Begin juni 1984 is het EPAF-detachement gepakt en gezakt om de ferry-flight
naar Nellis AFB aan te vatten. Red Flag 84/4 here we come.
BEGIN
PAGINA.
De ferry-flight naar Nellis AFB.
Woensdag 6 juni wordt de grote dag. Het is de bedoeling dat ‘s anderendaags de
12 F-16’s en alle personeel en materieel voet aan wal zetten in Nellis AFB. Zo
hebben we nog enkele dagen de tijd om ons te installeren en ons aan te passen
aan het tijdsverschil van 9 uur. In alle geval zal de eerste vlucht van Red Flag
84/4 plaats hebben op maandag 11 juni.
Het vertrek van de F-16’s uit hun respectievelijke thuisbases verloopt
vlekkeloos. Onze exemplaren- de FB-19, de FA-57, de FA-61 en de FA-64 verlaten
Kleine Brogel in de vroege ochtend. De B-727 vertrekt vanuit Melsbroek
volgepropt met EPAF-personeel en materieel. De C-130 met aan boord het "servicing
and repair team" is tot de nok gevuld met de FAK en ander onmisbaar
materiaal. Het toestel zal de EPAF-vloot volgen en instaan voor eventuele
herstellingen tijdens de tussenlandingen.

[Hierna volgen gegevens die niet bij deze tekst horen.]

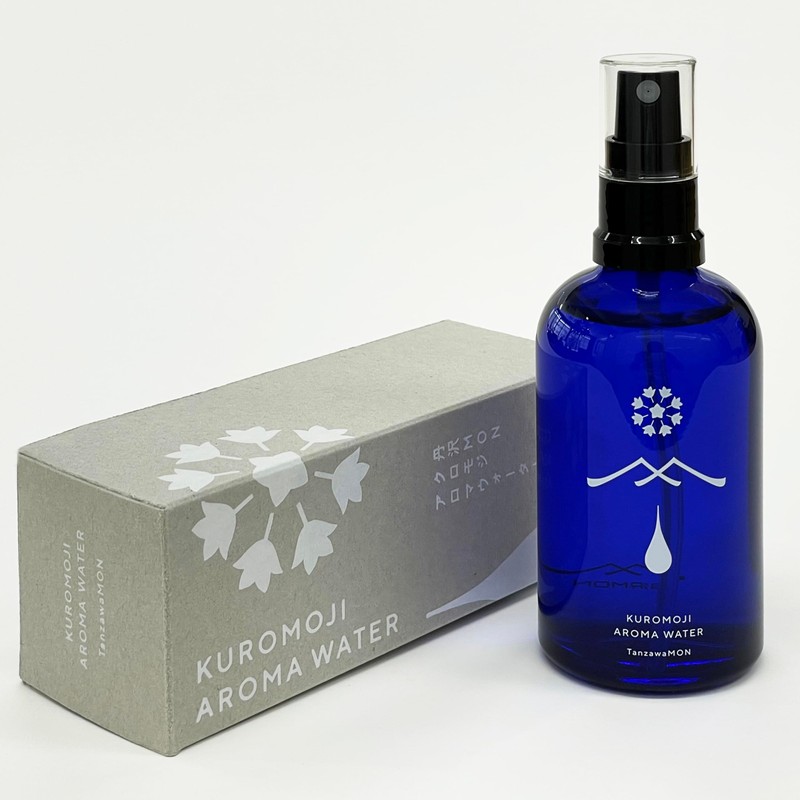 Tanzawa MON Kuromoji Aroma Water, 3.4 fl oz (100 ml),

Op de parkeervloer te Kevlavik in IJsland zijn alle F-16’s en de B-727 stipt op
het appel aanwezig. Er zijn geen technische problemen dus kunnen de reserve
F-16’s huiswaarts keren. Na een vlotte tankbeurt en na de bevestiging te hebben
ontvangen dat de Deense Gulfstream zijn SAR-opdracht al begonnen is, kunnen de
EPAFs, per formatie van 4 F-16’s, aan de grote oversteek van de Atlantische
Oceaan beginnen met Goose Bay in Labrador als volgende tussenstop.
Enkele uren
later vinden we de volledige EPAF-groep terug in Goose Bay. De bevoorrading van
brandstof verloopt er redelijk vlot dank zij de hulp van enkele van onze
crewchiefs die in hun reisplunje alles in het werk stellen om het geplande
schema van de ferry-flight te respecteren. Het vullen van onze
zuurstofflessen nemen zij trouwens volledig op zich. Ondanks alle vooraf
gemaakte afspraken met de Canadese cross-servicing van Goose Bay, blijken
zij hun taak wat onderschat te hebben. Nadat de Belgische ferry-flight
piloten hun dompelpakken voor een wat meer comfortabele reiskledij verwisselen,
kan de B-727 als eerste zijn reis verder zetten met Wright Patterson AFB,
gelegen bij Dayton in het hartje van Ohio, als volgende bestemming.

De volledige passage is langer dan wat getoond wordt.